Input data:
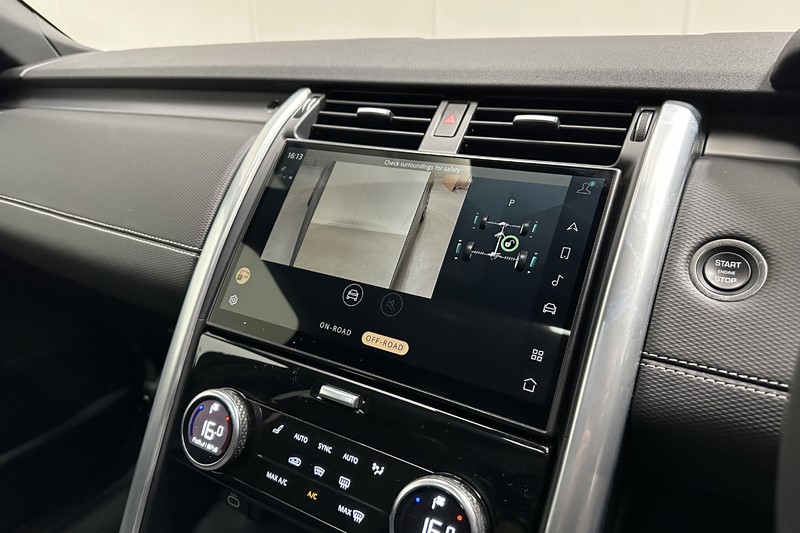 2023 (73) LAND ROVER DISCOVERY 3.0 D300 Dynamic SE 5dr Auto 5137253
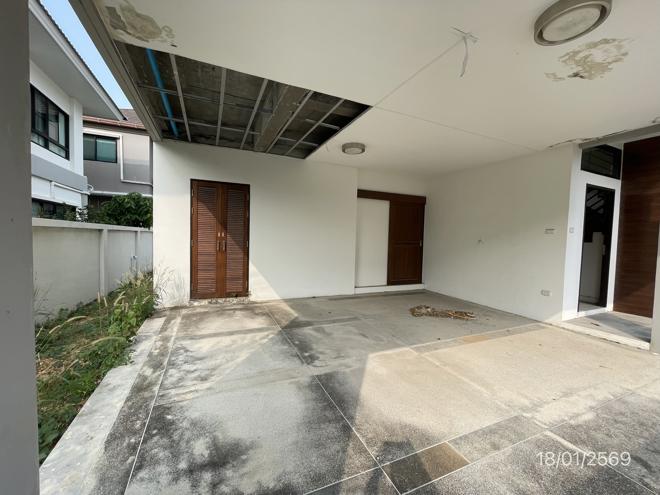 รูป บ้านเดี่ยว 65 ตร.วา เดอะคอมพลีท ศรีราชา ชลบุรี 6M - รูปที่ 2/33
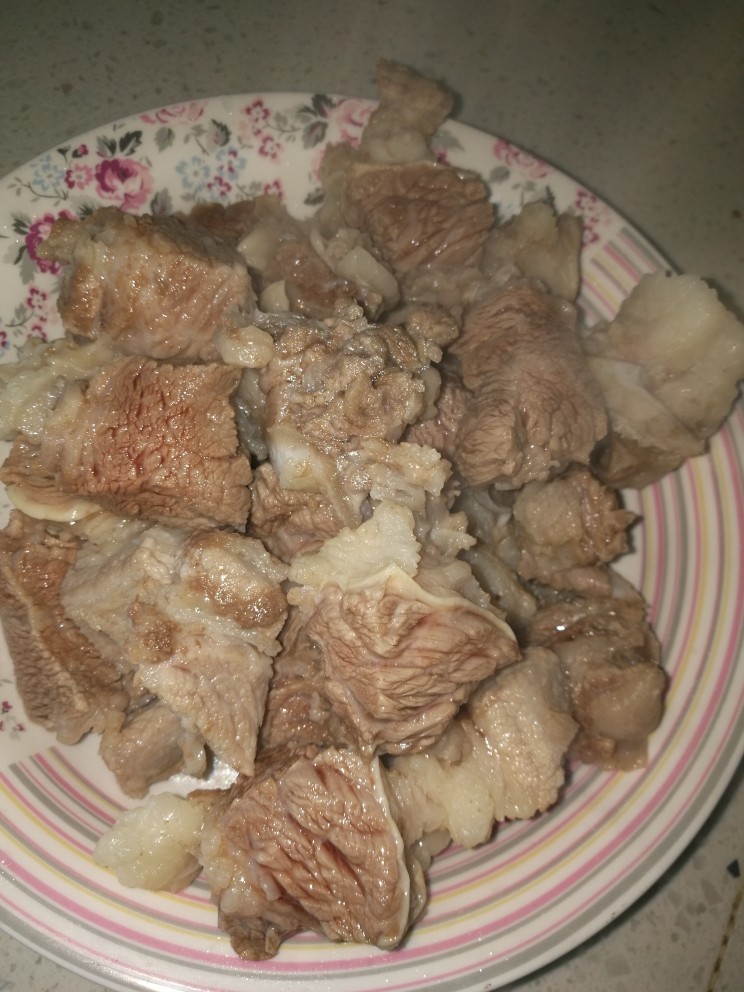 番茄炖牛腩,肉焯掉血水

Your instructions: Every line above must be printed again exactly, pictures excluded.

Answer for the task:
 2023 (73) LAND ROVER DISCOVERY 3.0 D300 Dynamic SE 5dr Auto 5137253
 รูป บ้านเดี่ยว 65 ตร.วา เดอะคอมพลีท ศรีราชา ชลบุรี 6M - รูปที่ 2/33
 番茄炖牛腩,肉焯掉血水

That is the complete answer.